In FIG. 7B, the stylus 701 is in contact with the cover glass 703. Ultrasonic waves are generated by the piezoelectric layer 715 in an ultrasonic transmitter. Generated ultrasonic waves are indicated by an arrow 725 pointing upwards. One or more segments of the electrode layer 717 may receive a voltage (e.g., tone burst) to cause the piezoelectric layer 715 to generate ultrasonic waves. Reflections of the ultrasonic waves caused by the stylus 701 are received by the TFT substrate 714. Reflected ultrasonic waves are indicated by an arrow 729 pointing downwards. The reflected ultrasonic waves provide signals to the TFT substrate 714 to acquire image data that can be analyzed to obtain a location of the stylus 701. In some implementations, the acquired image data may indicate the location of the stylus 701 in a ring pattern.

Returning to FIG. 3 of the process 300, the location of the touch input can be obtained using the optical sensor system in some implementations. The optical image system may include an array of optical sensor pixels that scan an image of an object (e.g., user's finger) in contact with a cover glass or display of the touch screen device. The scanned image can be correlated with a location of the touch input in the first portion of the graphical user interface.

In some implementations, the location of the touch input can be obtained using the force sensor system. The force sensor system may include a plurality of force sensors positioned at different locations of the touch screen device. When force is applied at a particular location on the touch screen device, each of the plurality of force sensors may obtain force measurements. The force measurements at each of the different locations of the touch screen device may be used to calculate the location of maximum force. The location of the maximum force corresponds to the location of the object applying the force. The force measurements from the plurality of force sensors are used to triangulate the location of touch. As such, the location of the object applying the force can be estimated based on the plurality of force measurements at different locations.

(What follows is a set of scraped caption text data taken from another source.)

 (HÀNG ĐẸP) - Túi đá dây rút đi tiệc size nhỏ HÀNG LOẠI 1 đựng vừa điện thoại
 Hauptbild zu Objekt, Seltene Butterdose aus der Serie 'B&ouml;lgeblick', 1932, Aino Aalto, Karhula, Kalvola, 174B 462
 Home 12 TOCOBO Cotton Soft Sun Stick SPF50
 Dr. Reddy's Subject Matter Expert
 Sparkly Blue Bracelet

FIG. 8 shows a schematic block diagram of an example force sensor system configured for touch detection using a plurality of force sensors according to some implementations. The apparatus 800 includes a force sensor system 810 and a display system 820. The force sensor system 810 may include a plurality of force sensors 830. The apparatus 800 may further include a touch sensor system and a control system. The touch sensor system may include a capacitive touch sensor system that is coextensive with the display system 620. In FIG. 8, a graphical user interface 840 includes a designated portion 850 that is divided into an array of tiles 860. The tiles 860 are numbered 1-12 in the designated portion 850. The designated portion 850 overlaps the force sensor system 810 and serves as a touch-sensitive region of the graphical user interface 840. Force sensors 830 may be located at each corner of the designated portion 850 under tile numbers 1, 3, 10, and 12. When force is applied by an object on the display system 820, force measurements obtained by the force sensors 830 may be used to calculate a location of the applied force. The location of the applied force may correspond to one of the tiles 860. As shown in FIG. 8, the location of the applied force is tile number 5.

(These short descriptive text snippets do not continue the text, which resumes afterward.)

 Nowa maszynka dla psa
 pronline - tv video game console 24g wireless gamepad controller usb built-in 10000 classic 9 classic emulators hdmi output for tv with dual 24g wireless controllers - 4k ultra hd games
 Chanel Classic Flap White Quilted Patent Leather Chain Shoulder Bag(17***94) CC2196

Returning to FIG. 3, one or more touch drivers of the touch screen device may receive the location of the touch input from the control system. The one or more touch drivers perform an operation based on the location of the touch input.

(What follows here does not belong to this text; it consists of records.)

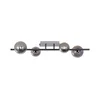 Wofi 7014-405W - LED plafonski luster VILLA 4xG9/3W/230V crna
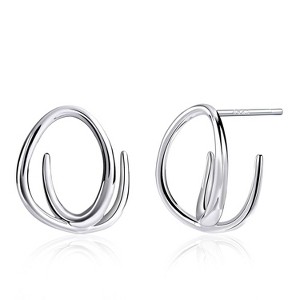 925 Sterling Silver Stud Earrings, Hypoallergenic Jewelry for Women with Sensitive Skin. - 1 of 4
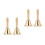4 Pcs Solid Bell With Wooden Handle 5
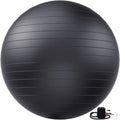 Durable Large Black Yoga Ball 65cm - Stable, Anti-Burst Exercise Ball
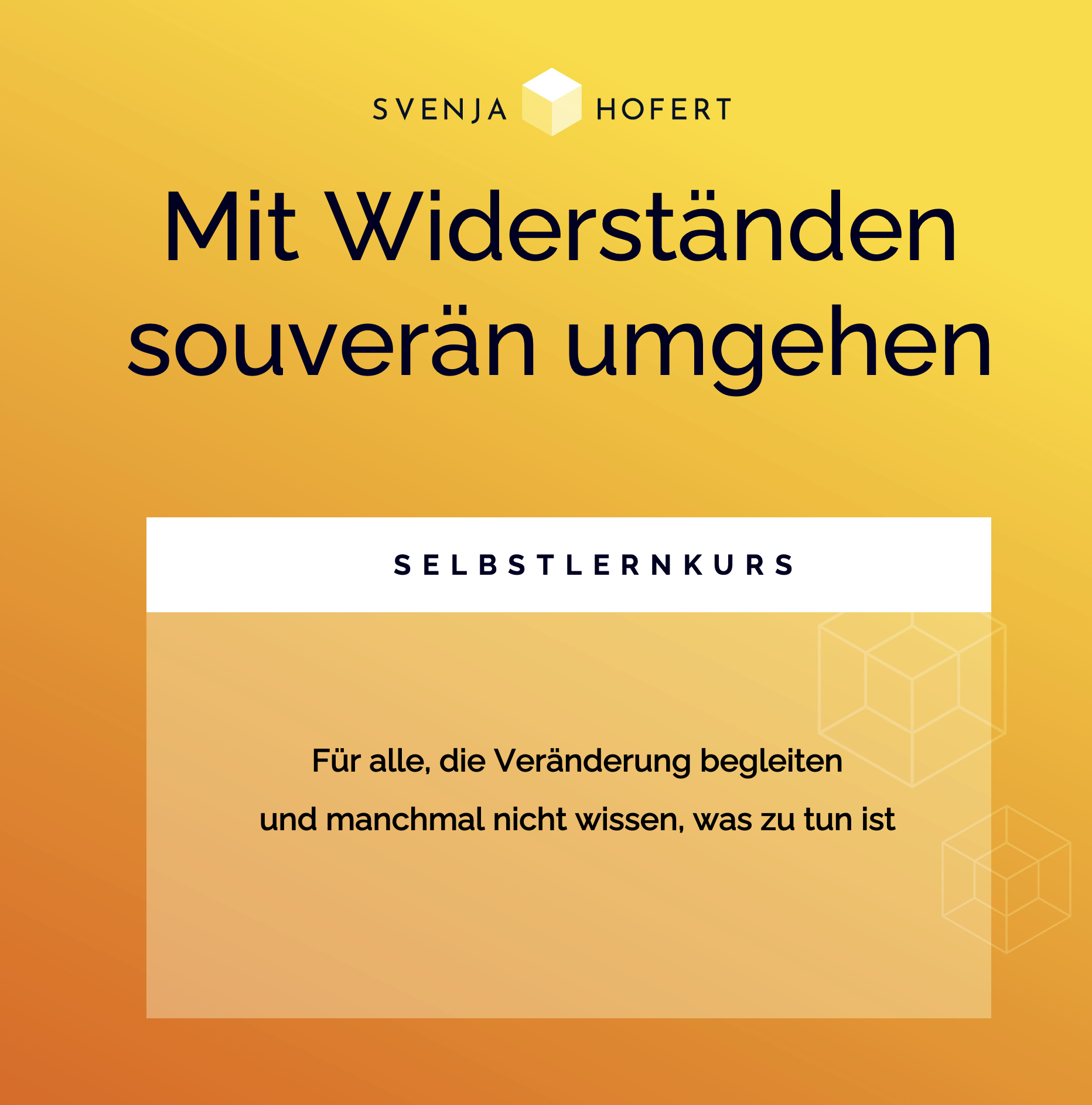 Mit Widerständen souverän umgehen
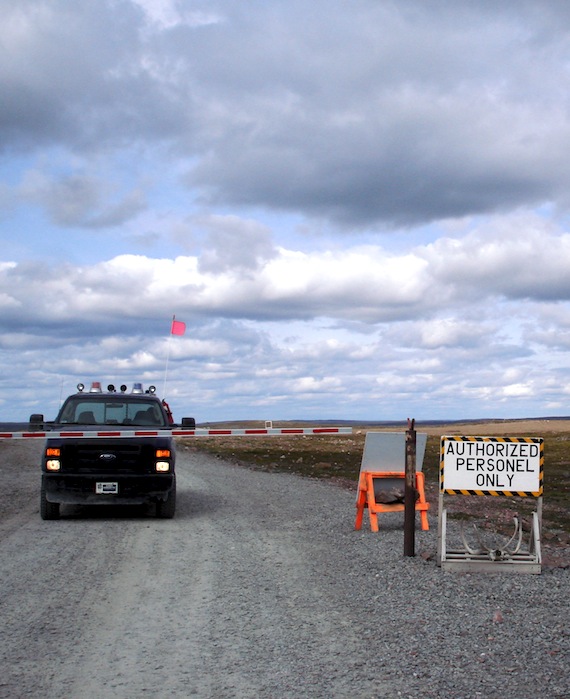Among other things, the Baker Lake Hunters and Trappers Organization wants to see changes to the roads joining Agnico Eagle's mine sites to Baker Lake. (PHOTO BY JANE GEORGE)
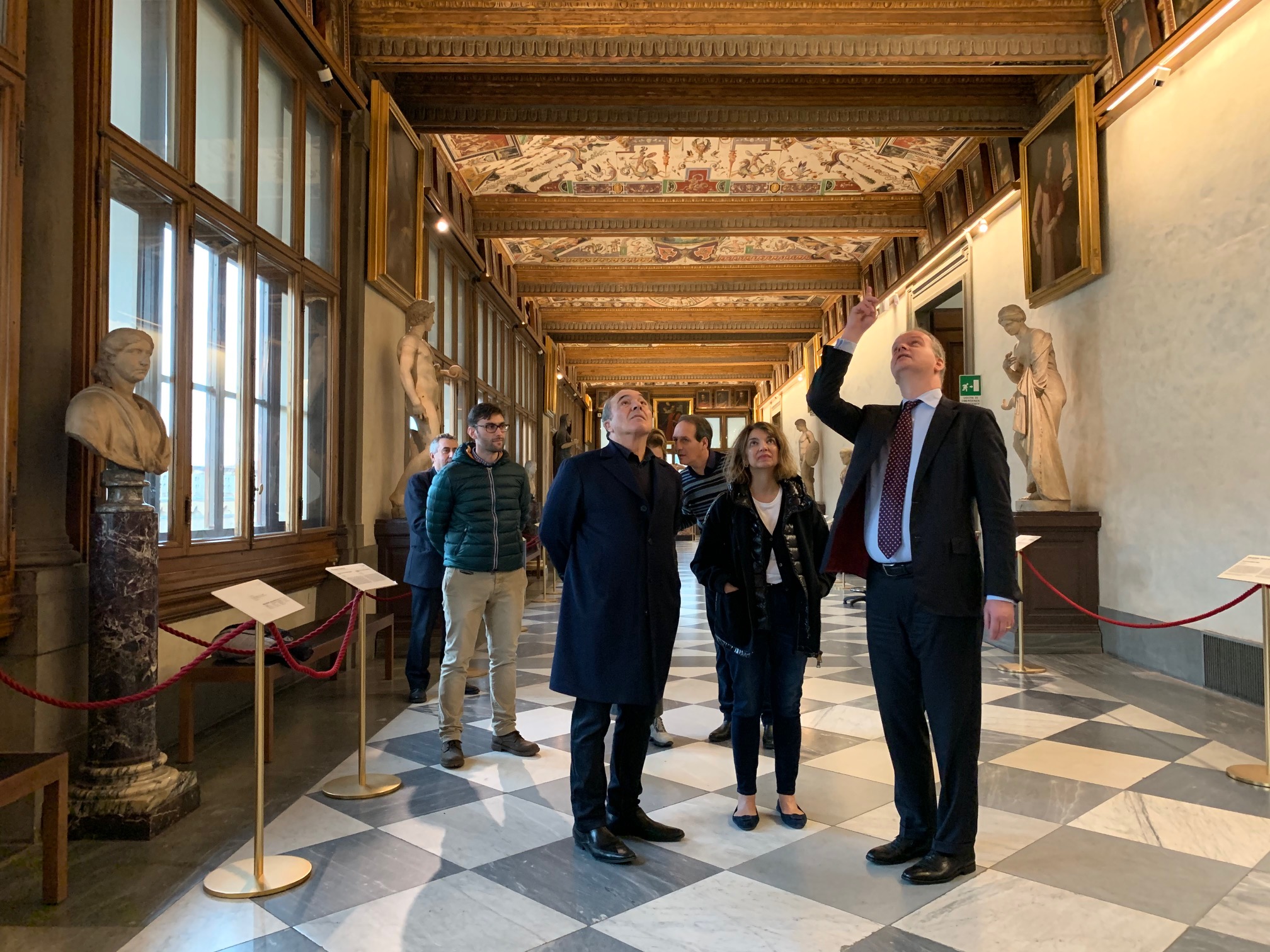 Direttore Uffizi, visita Commisso a Galleria ha portato bene (Foto da comunicato)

As used herein, a phrase referring to “at least one of” a list of items refers to any combination of those items, including single members. As an example, “at least one of: a, b, or c” is intended to cover: a, b, c, a-b, a-c, b-c, and a-b-c.

The various illustrative logics, logical blocks, modules, circuits and algorithm processes described in connection with the implementations disclosed herein may be implemented as electronic hardware, computer software, or combinations of both. The interchangeability of hardware and software has been described generally, in terms of functionality, and illustrated in the various illustrative components, blocks, modules, circuits and processes described above. Whether such functionality is implemented in hardware or software depends upon the particular application and design constraints imposed on the overall system.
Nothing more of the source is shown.